#### [ACTIVITY]
Leaving out the pictures, return each line of the entries from the first through the line with "Archaeological excavation at", and only those lines.

--

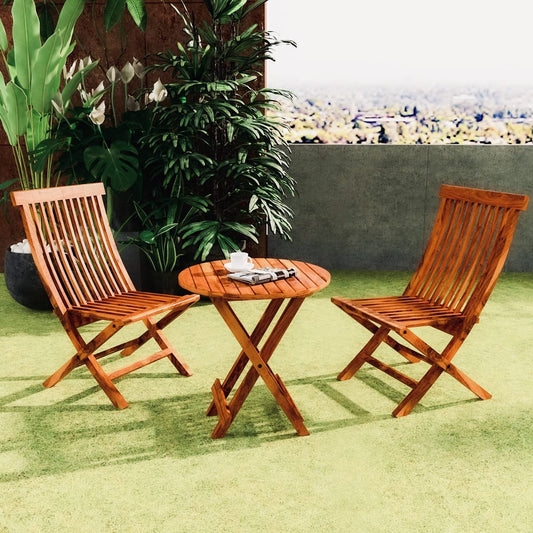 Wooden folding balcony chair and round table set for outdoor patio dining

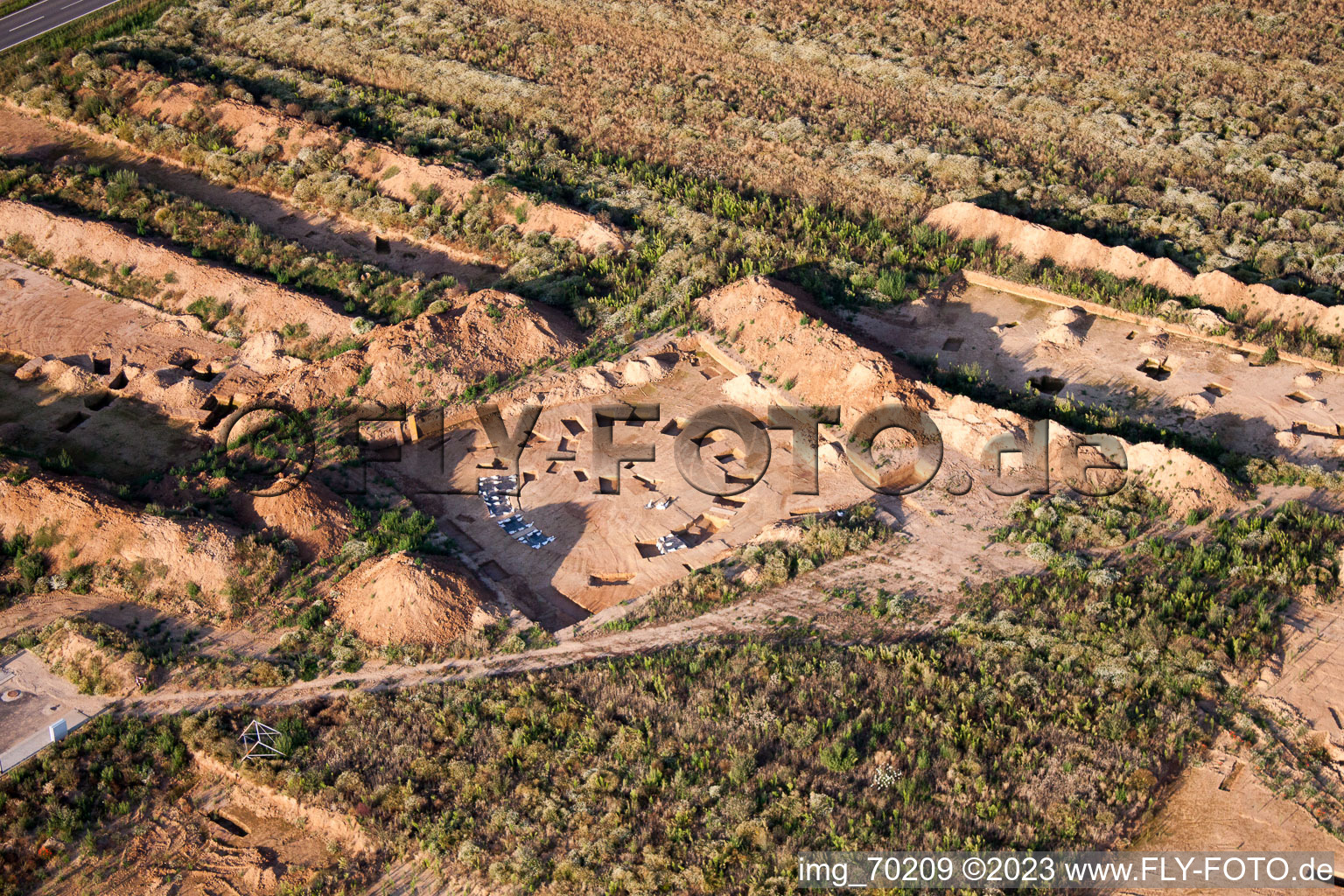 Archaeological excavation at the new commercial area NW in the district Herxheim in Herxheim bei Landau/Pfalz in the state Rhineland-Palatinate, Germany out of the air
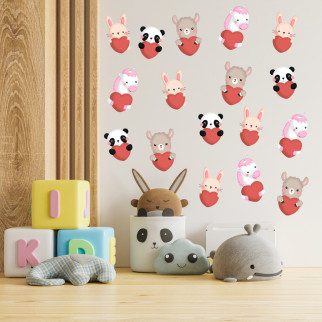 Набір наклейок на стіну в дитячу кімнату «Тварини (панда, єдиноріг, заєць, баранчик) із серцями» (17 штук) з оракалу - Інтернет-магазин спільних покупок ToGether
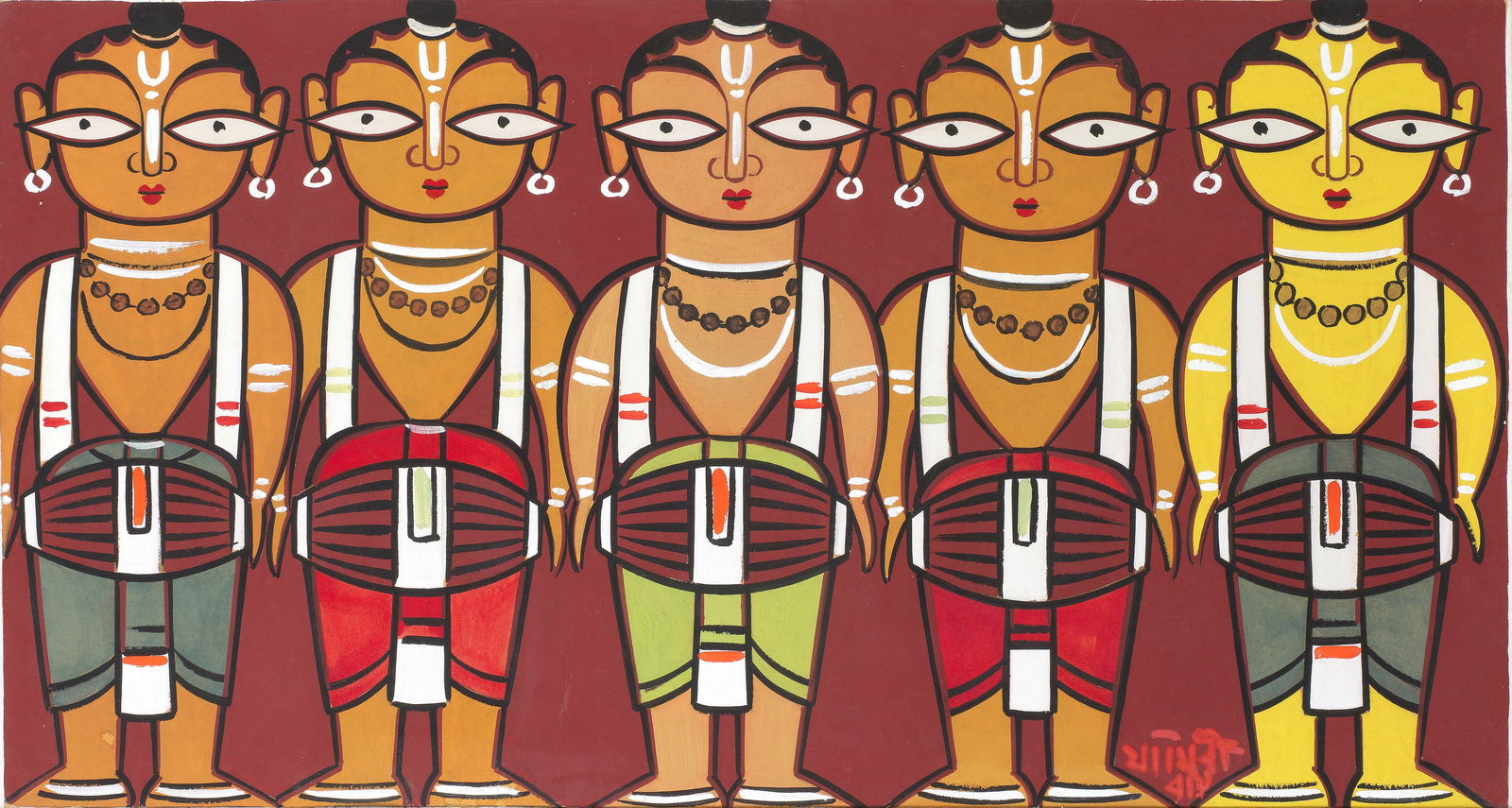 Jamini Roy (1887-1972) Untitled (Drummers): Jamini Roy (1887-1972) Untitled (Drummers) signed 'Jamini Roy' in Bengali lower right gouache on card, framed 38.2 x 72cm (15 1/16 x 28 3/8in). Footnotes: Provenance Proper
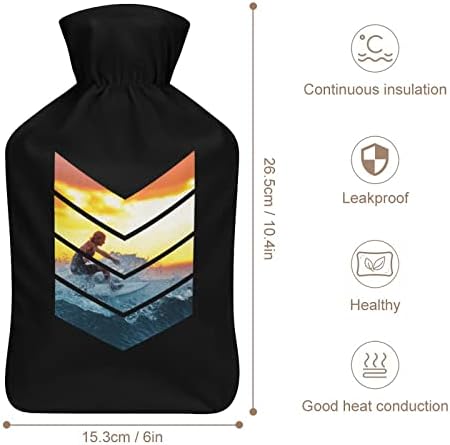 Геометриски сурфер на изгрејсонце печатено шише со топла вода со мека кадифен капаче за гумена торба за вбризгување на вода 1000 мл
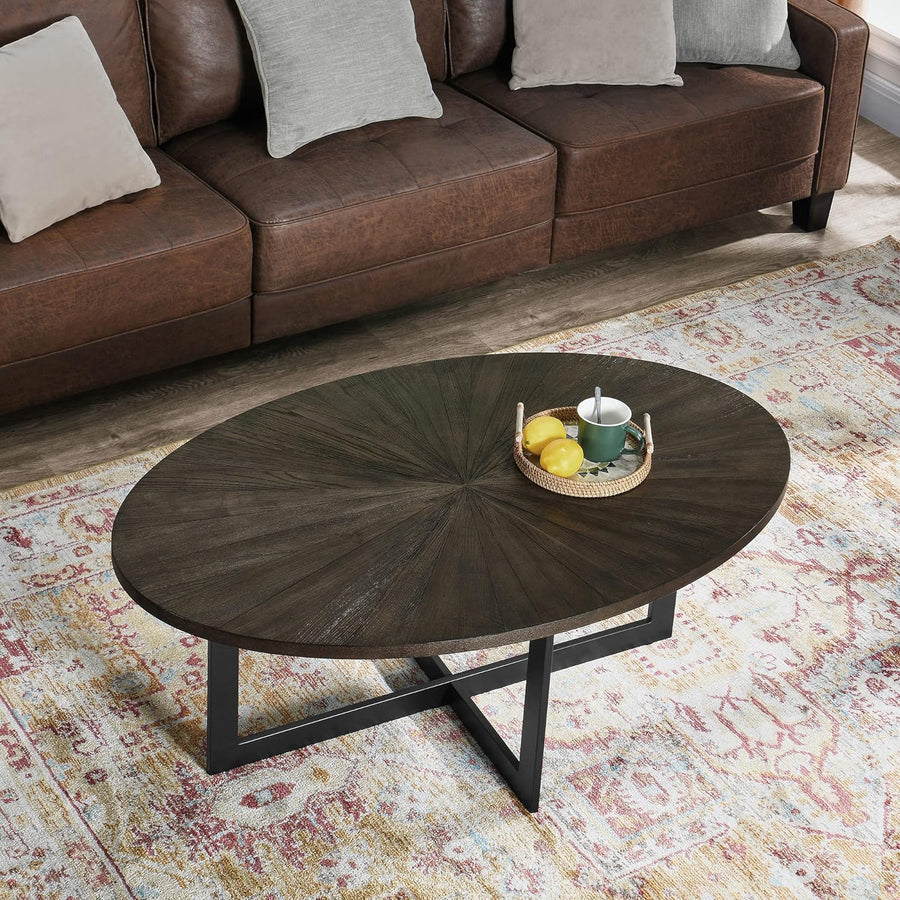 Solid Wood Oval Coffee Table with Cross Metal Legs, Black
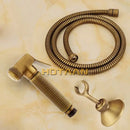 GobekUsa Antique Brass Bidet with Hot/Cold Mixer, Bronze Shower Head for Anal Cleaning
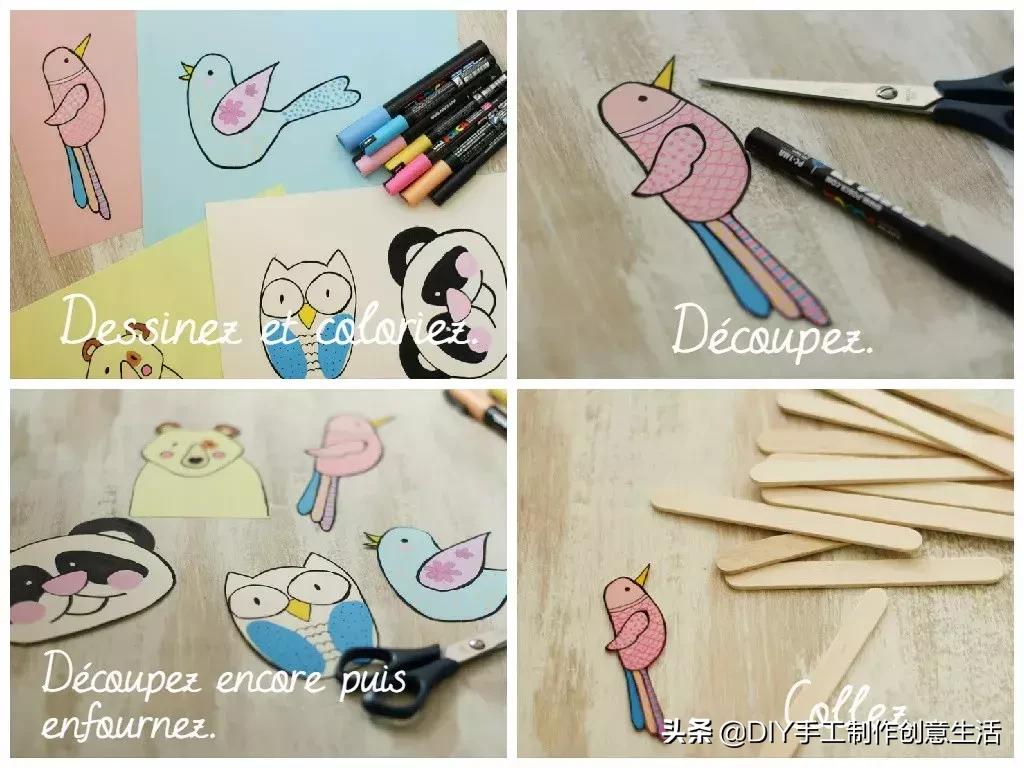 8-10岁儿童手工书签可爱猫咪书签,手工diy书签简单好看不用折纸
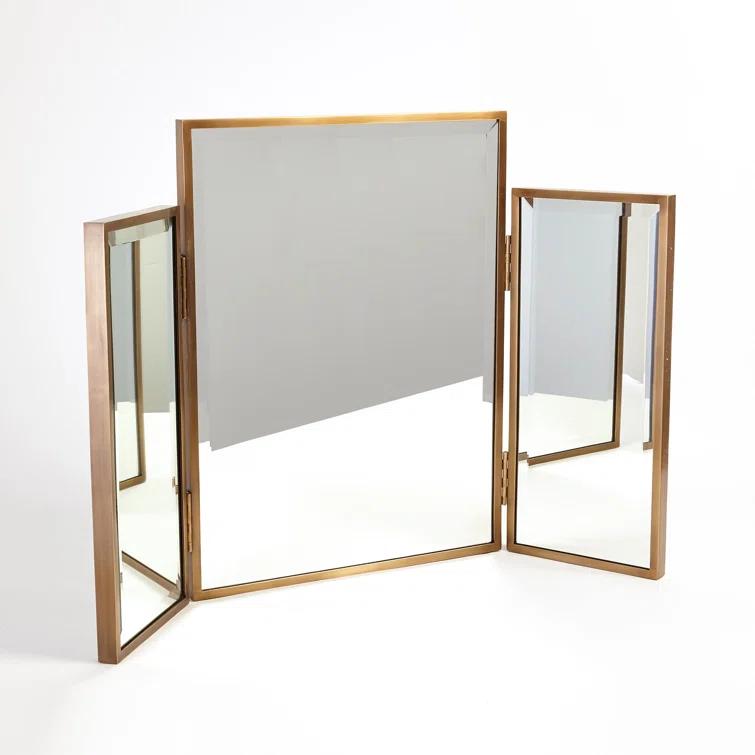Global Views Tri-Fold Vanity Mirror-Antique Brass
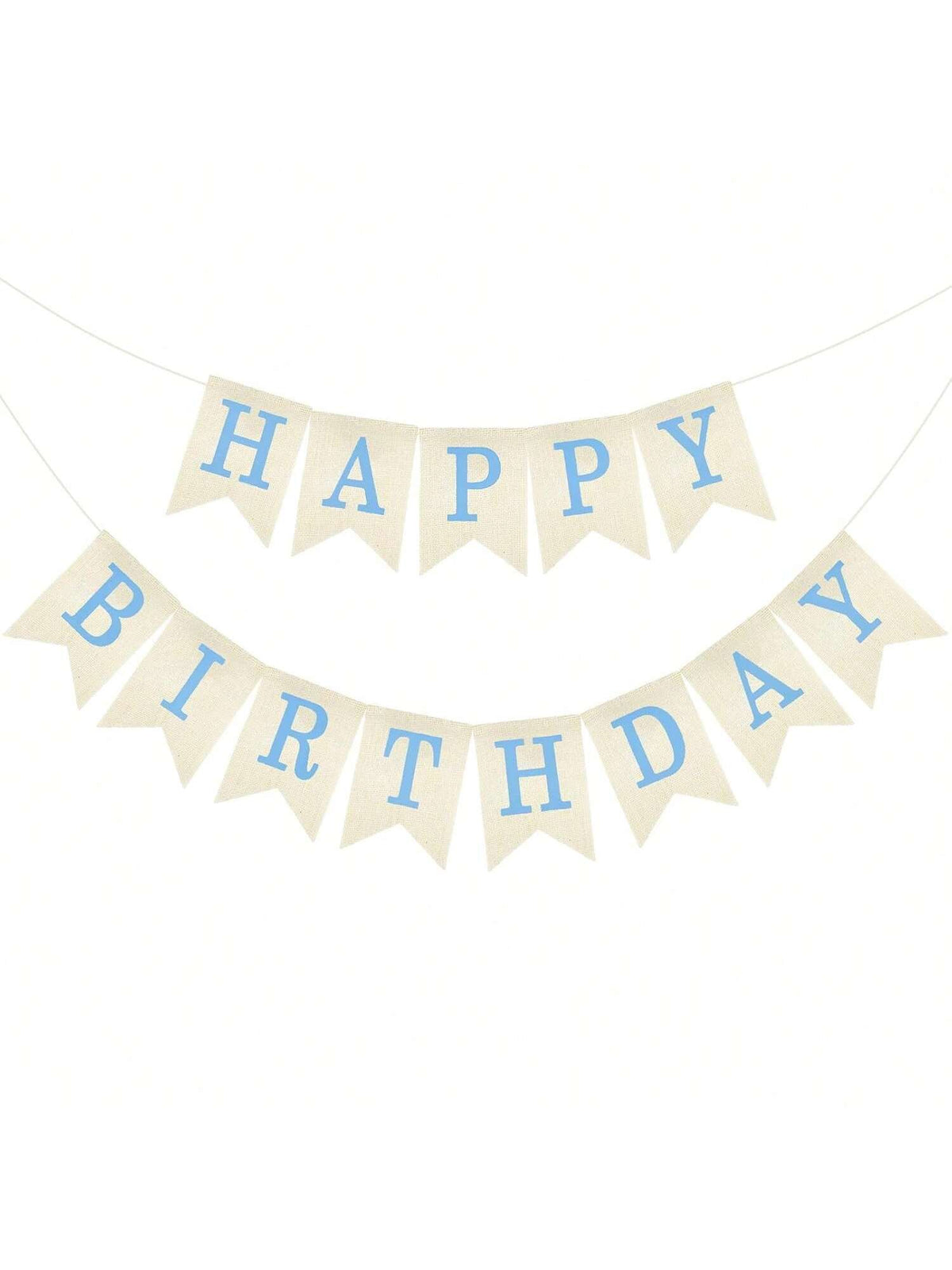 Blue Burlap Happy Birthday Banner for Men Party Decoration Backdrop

--

#### [EXERCISE SOLUTION]
 Wooden folding balcony chair and round table set for outdoor patio dining

 Archaeological excavation at the new commercial area NW in the district Herxheim in Herxheim bei Landau/Pfalz in the state Rhineland-Palatinate, Germany out of the air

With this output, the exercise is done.